Both parties appealed and Division III of the Federal Court reversed the first-instance decision.
First, the appeal court held that since the blog’s name included AGEA’s CLARIN trademark, AGEA was entitled to seek legal protection for it. It then noted that although the Trademark Law grants a trademark owner the right to prevent third parties from using its mark without authorisation, there is a difference between unauthorised use and mere reference. Mere reference can constitute legitimate use, provided that it is recognised that the trademark belongs to its respective owner and there is no intention to defame. The court demonstrated the difference between the two hypotheses by referring to Argentine case law on comparative advertising, which admits the use of a third party’s trademark for the purpose of giving information to consumers.
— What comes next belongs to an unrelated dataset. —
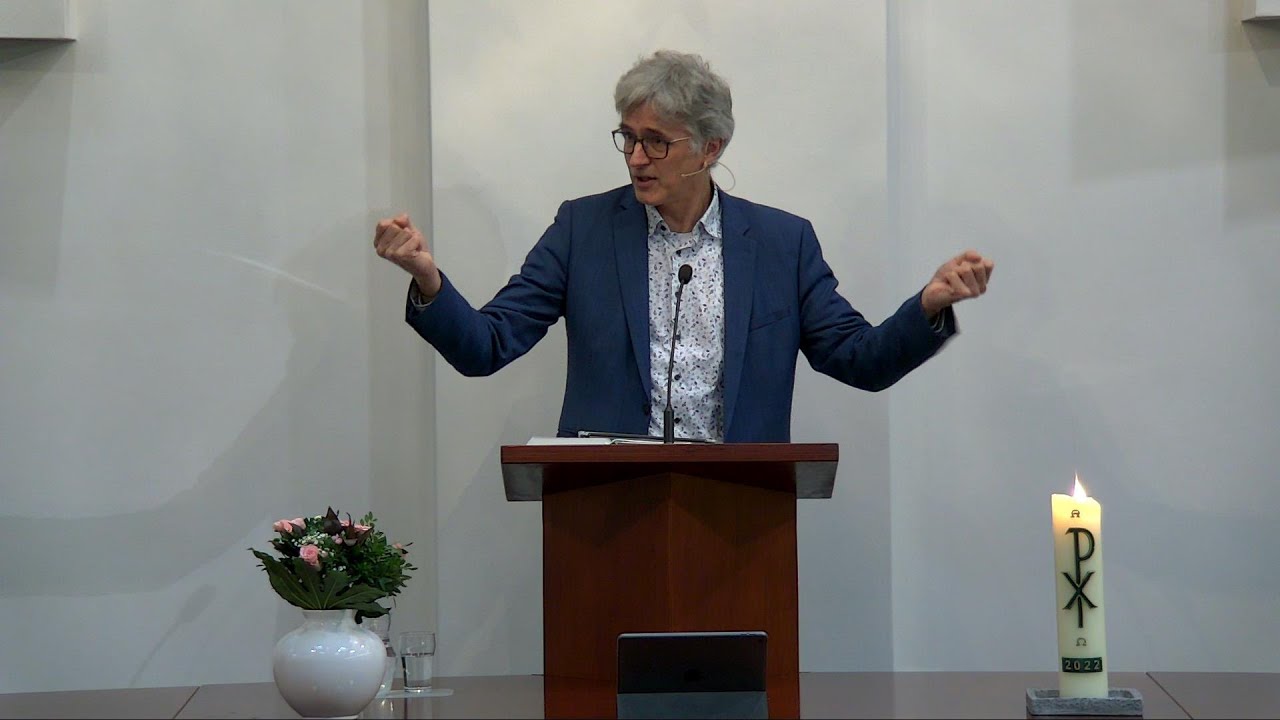 15 januari 9.30 uur - ds. Bas van Zuijlekom - YouTube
Therefore, the appeal court held that mere reference to AGEA’s trademark in the blog name did not constitute trademark infringement and did not create confusion, have a commercial purpose or mislead consumers. In this respect, the appeal court remarked that the common element of any trademark infringement is the likelihood of consumer confusion, or even – where there is no confusion – the likelihood of obtaining a benefit from the standing of the registered trademark.
For this reason, the appeal court found that the name of the blog captured the spirit of Kirchner’s quote and thus the public could assume that the content of the blog related to freedom of speech, the role of the media and a critique of how Clarín delivered information.
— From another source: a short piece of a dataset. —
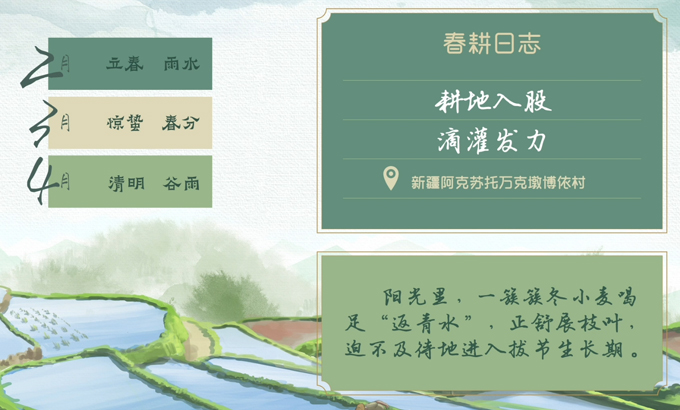 春耕时节 我们在行动_光明网九游娱乐(图9)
From this point of view, the court analysed the conflict between trademark rights and freedom of speech, and information in the landscape of the development of the Internet and related technologies. The court noted that in order to resolve a conflict between essential rights, there must be a balance between freedom of speech and opinion in the mass media (eg, the Internet) and society’s right to be informed, and the personal rights of trademark owners which may be affected by such opinions and information. Despite the protection given to trademarks by local and international legislation, the court favoured the preferred protection for freedom of speech because of its relevance in a democratic system.
In reaching its decision, the court invoked several international treaties signed by Argentina (Section 13(1) of the Convención Americana sobre Derechos Humanos, Section 19 of the Pacto Internacional de Derechos Civiles y Políticos and Section 4 of the Declaración Americana de los Derechos y Deberes del Hombre), an earlier opinion rendered by the Corte Interamericana de Derechos Humanos regarding freedom of speech, local legislation (Decree-Law 554/1997, which declares internet access to be in the national interest of the Argentine people, Decree-Law 1279/1997 and Law 26.032, which provides that the Internet falls within the constitutional right to freedom of speech), and Supreme Court case law holding that action taken through a blog is protected by the constitutional right to freedom of speech (Sujarchuk v Warley, August 1 2013).
However, the appeal court also took into account the “lack of equivalence” between the CLARIN trademark and the group that owned it and a blog operated by a person solely for the purposes of debate. Therefore, the court found that AGEA had suffered no damage as a result of the blog.
Finally, the court highlighted that the ruling did not mean that trademark owners should be left without protection against damage to their images or goodwill. In this regard the court quoted Supreme Court case law which clearly states that there are no absolute rights, and that the exercise of freedom of speech must not violate third-party rights.
Supreme Court case law clearly states that there are no absolute rights
Although conflicts involving blogs and websites and trademarks are not new, the case law is still developing because online technology and the use of the Internet are continually evolving. Therefore, it is advisable to check the latest case law developments before commencing any legal action to challenge the use of a trademark on a website, blog or social media post.